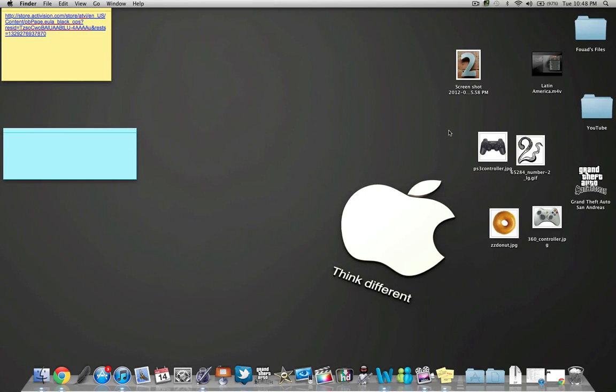Hey people, it's MC Squared here, and today I'm going to be showing you guys how to make a logo. I'm going to be making my Xbox and PS3 logo for MC Squared.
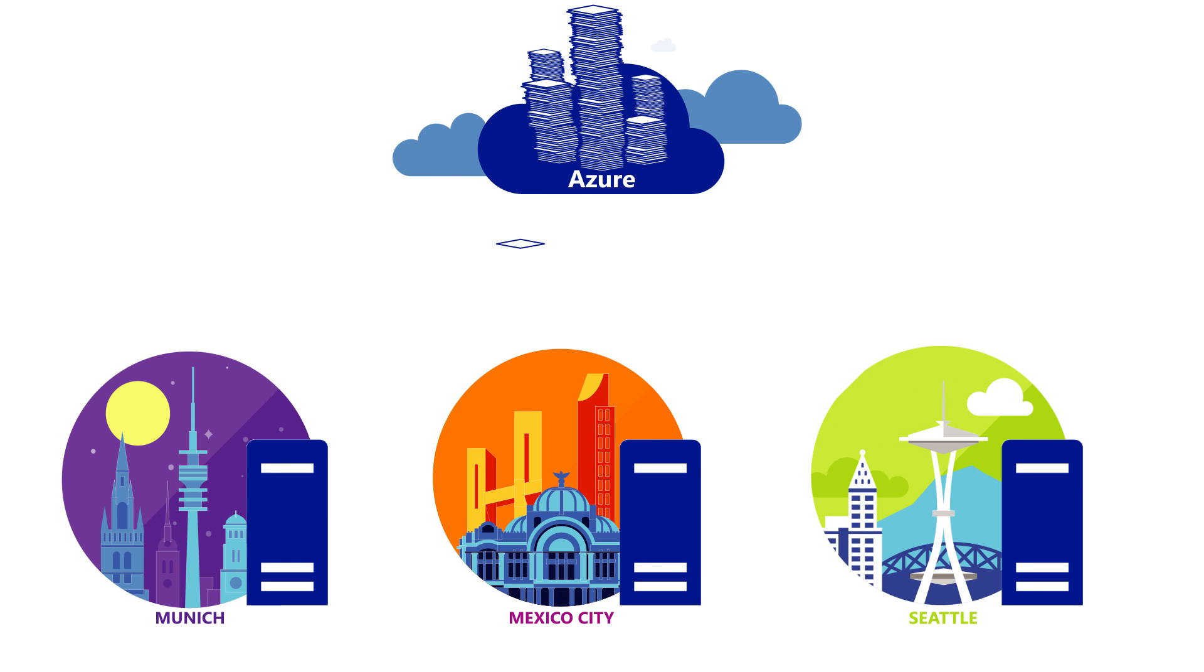Azure File Sync. The benefits of consolidating your files in the cloud, matched with the performance of a local file server. To get started, head here.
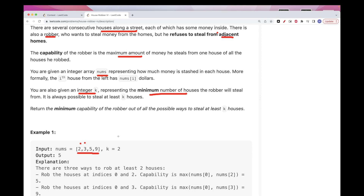We want the robber to steal at least from two houses — so k equals 2, for example. The goal is to return the minimum capability that the robber can have to be able to steal at least k houses.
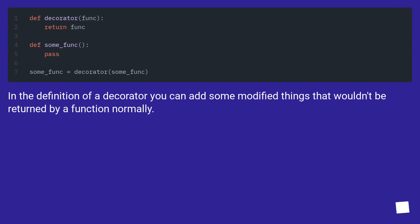In the definition of a decorator you can add some modified things that wouldn't be returned by a function normally.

+++++

:: Try it ::
What you return must match the lines from the top of the data through the line with "Azure File Sync." exactly, with the pictures removed.

:: The answer ::
Hey people, it's MC Squared here, and today I'm going to be showing you guys how to make a logo. I'm going to be making my Xbox and PS3 logo for MC Squared.
Azure File Sync. The benefits of consolidating your files in the cloud, matched with the performance of a local file server. To get started, head here.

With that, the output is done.